● Problem requirements: Repeat word for word every line of the data below, from the first through the line containing "cropped view of", and stop there.
************
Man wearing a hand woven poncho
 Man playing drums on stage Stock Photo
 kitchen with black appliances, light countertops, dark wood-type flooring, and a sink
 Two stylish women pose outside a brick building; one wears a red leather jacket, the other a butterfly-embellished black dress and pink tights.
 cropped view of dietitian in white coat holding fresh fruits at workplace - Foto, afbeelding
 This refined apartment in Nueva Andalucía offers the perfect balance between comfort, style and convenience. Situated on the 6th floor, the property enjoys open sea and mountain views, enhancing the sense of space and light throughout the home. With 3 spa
************
● Task response:
Man wearing a hand woven poncho
 Man playing drums on stage Stock Photo
 kitchen with black appliances, light countertops, dark wood-type flooring, and a sink
 Two stylish women pose outside a brick building; one wears a red leather jacket, the other a butterfly-embellished black dress and pink tights.
 cropped view of dietitian in white coat holding fresh fruits at workplace - Foto, afbeelding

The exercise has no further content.